Data excerpts
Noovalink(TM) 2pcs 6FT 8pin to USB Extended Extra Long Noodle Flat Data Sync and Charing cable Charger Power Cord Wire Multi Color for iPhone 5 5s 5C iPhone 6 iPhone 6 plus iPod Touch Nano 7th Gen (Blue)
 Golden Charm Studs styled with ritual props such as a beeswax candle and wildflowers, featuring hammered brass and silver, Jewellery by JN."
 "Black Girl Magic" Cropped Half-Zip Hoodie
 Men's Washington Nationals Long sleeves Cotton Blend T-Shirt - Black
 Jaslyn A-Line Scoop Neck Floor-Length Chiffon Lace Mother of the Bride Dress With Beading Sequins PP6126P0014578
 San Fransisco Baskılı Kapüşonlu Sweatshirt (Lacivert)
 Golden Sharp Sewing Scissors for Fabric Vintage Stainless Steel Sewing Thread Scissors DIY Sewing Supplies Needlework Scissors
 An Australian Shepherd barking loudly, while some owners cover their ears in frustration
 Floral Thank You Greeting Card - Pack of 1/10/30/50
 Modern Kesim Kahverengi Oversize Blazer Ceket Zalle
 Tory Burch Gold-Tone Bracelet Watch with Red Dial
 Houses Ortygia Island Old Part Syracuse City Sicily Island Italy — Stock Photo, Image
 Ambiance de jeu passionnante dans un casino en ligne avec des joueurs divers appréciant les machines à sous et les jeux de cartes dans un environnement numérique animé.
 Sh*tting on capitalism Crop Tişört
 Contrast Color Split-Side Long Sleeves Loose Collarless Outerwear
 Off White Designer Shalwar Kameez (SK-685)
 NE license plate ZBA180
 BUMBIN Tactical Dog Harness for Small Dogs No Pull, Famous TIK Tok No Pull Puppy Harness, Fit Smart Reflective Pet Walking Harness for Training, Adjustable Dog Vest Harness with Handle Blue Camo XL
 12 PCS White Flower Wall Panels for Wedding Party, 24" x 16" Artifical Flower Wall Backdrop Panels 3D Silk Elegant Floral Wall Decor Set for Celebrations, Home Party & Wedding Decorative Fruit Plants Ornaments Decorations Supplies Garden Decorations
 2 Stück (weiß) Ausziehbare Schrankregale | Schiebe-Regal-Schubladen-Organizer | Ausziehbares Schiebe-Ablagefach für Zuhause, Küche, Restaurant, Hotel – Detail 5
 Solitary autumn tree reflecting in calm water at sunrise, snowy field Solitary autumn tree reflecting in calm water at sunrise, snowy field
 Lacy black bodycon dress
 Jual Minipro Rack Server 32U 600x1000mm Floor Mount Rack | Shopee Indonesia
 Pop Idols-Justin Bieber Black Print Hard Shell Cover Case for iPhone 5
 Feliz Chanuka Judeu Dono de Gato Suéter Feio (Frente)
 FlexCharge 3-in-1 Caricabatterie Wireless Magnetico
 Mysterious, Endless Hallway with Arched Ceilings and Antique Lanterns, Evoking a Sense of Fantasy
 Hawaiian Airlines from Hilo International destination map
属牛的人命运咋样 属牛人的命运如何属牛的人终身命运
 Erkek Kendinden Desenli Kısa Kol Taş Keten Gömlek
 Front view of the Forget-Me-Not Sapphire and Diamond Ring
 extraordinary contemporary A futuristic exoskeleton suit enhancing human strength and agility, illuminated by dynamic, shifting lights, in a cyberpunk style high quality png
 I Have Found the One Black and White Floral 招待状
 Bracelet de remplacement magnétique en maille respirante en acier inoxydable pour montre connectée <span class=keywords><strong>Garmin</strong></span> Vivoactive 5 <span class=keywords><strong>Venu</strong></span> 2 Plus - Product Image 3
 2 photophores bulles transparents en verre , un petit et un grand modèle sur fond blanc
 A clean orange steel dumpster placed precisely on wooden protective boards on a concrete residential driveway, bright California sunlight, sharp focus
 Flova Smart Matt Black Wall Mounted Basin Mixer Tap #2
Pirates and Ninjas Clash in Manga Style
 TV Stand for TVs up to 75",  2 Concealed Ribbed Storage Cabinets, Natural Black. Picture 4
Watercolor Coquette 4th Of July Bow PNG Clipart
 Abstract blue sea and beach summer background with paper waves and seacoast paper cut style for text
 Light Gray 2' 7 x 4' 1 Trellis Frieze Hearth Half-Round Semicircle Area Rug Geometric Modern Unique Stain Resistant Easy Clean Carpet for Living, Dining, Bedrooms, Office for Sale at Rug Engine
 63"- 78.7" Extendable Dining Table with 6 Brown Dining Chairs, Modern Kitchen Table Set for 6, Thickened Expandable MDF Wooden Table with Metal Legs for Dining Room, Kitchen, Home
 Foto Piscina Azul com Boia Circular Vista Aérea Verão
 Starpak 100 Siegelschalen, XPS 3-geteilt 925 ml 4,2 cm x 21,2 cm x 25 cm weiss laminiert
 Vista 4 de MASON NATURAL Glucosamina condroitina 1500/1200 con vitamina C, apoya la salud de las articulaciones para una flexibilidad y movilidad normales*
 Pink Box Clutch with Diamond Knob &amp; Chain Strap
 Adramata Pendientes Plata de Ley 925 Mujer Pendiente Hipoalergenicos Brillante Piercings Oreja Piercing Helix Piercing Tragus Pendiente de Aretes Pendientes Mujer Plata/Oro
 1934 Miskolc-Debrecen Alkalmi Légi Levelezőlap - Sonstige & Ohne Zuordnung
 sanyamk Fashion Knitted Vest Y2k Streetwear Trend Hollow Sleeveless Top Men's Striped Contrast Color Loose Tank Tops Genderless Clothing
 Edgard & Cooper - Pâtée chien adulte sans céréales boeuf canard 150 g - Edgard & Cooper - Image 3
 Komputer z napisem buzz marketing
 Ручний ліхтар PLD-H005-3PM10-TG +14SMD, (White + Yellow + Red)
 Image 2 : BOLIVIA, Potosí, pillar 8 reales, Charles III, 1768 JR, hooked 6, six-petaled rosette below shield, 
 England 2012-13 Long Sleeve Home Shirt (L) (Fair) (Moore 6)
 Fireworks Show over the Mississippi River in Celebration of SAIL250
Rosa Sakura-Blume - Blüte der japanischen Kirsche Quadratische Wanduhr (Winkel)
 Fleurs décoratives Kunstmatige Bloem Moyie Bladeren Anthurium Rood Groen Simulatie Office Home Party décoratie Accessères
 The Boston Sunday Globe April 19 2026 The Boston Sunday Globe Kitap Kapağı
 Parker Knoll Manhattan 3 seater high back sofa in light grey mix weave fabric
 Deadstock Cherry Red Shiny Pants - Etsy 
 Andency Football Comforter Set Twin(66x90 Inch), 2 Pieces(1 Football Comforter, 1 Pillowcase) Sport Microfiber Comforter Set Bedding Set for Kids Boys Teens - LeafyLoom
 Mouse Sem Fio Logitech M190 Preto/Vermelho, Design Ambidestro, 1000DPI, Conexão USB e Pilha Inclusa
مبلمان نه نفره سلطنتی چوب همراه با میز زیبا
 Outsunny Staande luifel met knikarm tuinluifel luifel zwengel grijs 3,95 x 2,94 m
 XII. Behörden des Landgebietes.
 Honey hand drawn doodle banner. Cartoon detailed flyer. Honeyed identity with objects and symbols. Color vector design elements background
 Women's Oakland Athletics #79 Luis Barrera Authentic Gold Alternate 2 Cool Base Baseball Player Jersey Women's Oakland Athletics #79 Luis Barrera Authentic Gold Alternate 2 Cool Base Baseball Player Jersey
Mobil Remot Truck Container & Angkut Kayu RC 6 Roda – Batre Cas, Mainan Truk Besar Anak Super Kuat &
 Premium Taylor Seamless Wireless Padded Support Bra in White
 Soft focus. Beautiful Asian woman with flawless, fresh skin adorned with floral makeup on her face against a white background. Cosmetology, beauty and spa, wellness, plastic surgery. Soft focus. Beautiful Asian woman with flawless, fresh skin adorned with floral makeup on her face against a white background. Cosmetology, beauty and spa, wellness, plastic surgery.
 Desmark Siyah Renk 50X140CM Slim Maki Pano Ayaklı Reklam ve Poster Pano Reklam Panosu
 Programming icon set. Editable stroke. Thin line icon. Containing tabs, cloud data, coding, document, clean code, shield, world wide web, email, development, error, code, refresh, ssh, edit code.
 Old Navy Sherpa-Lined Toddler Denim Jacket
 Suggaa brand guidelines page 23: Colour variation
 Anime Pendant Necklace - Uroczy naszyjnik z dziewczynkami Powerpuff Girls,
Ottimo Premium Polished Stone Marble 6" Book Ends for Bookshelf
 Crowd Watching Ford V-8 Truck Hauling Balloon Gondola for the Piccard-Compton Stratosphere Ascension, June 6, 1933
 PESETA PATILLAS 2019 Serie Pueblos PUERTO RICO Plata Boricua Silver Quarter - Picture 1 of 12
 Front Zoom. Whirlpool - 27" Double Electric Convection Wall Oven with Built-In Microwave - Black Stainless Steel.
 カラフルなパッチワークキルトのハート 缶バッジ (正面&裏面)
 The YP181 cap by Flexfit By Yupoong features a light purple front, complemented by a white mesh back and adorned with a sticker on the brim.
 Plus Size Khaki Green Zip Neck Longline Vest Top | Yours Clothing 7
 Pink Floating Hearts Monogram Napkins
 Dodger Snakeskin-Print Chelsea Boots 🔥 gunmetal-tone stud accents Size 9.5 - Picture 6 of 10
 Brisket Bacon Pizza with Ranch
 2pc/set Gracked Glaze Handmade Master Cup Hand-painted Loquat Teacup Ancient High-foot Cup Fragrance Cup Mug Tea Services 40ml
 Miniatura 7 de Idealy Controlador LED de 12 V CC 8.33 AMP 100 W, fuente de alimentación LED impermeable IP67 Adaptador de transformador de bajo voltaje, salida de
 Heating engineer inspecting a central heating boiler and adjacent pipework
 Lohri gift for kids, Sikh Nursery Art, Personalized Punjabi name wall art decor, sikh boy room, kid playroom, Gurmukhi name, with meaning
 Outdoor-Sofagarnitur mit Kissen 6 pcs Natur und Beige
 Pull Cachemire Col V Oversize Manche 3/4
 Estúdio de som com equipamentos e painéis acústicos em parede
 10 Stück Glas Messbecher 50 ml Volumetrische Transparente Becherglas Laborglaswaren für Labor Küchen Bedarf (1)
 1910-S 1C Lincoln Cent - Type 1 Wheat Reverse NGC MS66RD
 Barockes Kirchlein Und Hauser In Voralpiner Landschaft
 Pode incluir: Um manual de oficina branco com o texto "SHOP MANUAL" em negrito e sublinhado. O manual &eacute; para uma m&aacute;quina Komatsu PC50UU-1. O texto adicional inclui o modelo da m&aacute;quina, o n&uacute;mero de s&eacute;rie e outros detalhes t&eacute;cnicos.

**YOUR GOAL:** When you reach the line holding "Adramata Pendientes Plata" in the records above, begin reproducing exactly, stop after the line holding "Edgard & Cooper - Pâtée", and output nothing else.

**ANSWER BOX:**
 Adramata Pendientes Plata de Ley 925 Mujer Pendiente Hipoalergenicos Brillante Piercings Oreja Piercing Helix Piercing Tragus Pendiente de Aretes Pendientes Mujer Plata/Oro
 1934 Miskolc-Debrecen Alkalmi Légi Levelezőlap - Sonstige & Ohne Zuordnung
 sanyamk Fashion Knitted Vest Y2k Streetwear Trend Hollow Sleeveless Top Men's Striped Contrast Color Loose Tank Tops Genderless Clothing
 Edgard & Cooper - Pâtée chien adulte sans céréales boeuf canard 150 g - Edgard & Cooper - Image 3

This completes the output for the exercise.